- Opening Delimiter -

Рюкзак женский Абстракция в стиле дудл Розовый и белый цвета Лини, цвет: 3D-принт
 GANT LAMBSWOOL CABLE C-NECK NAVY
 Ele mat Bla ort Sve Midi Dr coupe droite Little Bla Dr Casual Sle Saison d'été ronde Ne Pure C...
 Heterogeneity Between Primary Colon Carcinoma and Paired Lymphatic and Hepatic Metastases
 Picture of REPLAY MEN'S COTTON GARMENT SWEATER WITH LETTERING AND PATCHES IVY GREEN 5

- Closing Delimiter -

### YOUR ASSIGNMENT
Repeat the data. Keep every word the same.

### WRITTEN ANSWER
Рюкзак женский Абстракция в стиле дудл Розовый и белый цвета Лини, цвет: 3D-принт
 GANT LAMBSWOOL CABLE C-NECK NAVY
 Ele mat Bla ort Sve Midi Dr coupe droite Little Bla Dr Casual Sle Saison d'été ronde Ne Pure C...
 Heterogeneity Between Primary Colon Carcinoma and Paired Lymphatic and Hepatic Metastases
 Picture of REPLAY MEN'S COTTON GARMENT SWEATER WITH LETTERING AND PATCHES IVY GREEN 5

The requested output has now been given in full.